Considerato uno dei papabili alla presidenza subito dopo la caduta dell’ex raìs, El Baradei era stato criticato in Egitto per essere stato troppo tempo fuori dal Paese e per non essere sufficientemente a conoscenza delle esigenze dell’elettorato. Altri lo avevano accusato di essersi troppo avvicinato ai Fratelli musulmani, che recentemente, però, ne avevano preso le distanze. A novembre quando si era dimesso il governo di Essam Sharaf, Baradei si era proposto come premier di un governo di salvezza nazionale, che traghettasse l’Egitto fino alle presidenziali.
Nei mesi scorsi Baradei ha avuto parole molto dure nei confronti del Consiglio militare, soprattutto per la gestione della sicurezza. Durante gli scontri nei pressi di piazza Tahrir a fine novembre ha denunciato «un massacro con gas nervino». A dicembre durante le violenze davanti al consiglio dei ministri, Baradei ha definito l’azione delle forze dell’ordine come «brutale e barbara». 
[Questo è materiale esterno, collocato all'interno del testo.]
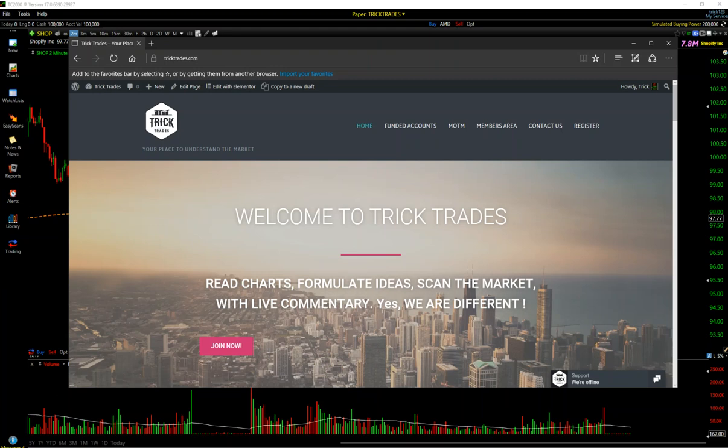So make sure to definitely follow me on Twitter at TrickMitch1. So you can follow me there. My Facebook is TrickMitchell. That's where you can get a hold of me there.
I rapporti fra il fronte dei partiti nati dopo la rivoluzione e la Giunta guidata dal maresciallo Mohammed Hussein Tantatwi sono estremamente tesi. I generali non sembrano aver l’intenzione di voler passare i poteri quest’anno al Parlamento (che sarà  dominato dai partiti islamisti usciti vincitori dal recente voto), rinviando a data da definirsi la loro uscita di scena, rimanendo in una posizione determinante e mantenendo gli appannaggi e i privilegi della loro casta. Forse il ritiro di el Baradei riflette la consapevolezza che non ce l’avrebbe fatta a raggiungere l’obiettivo della presidenza in un contesto nel quale i Fratelli Musulmani affermano di avere incassato il 46% dei voti nelle recenti elezioni per il Parlamento e i salafiti del Partito Al Noor sono accreditati con un 23%.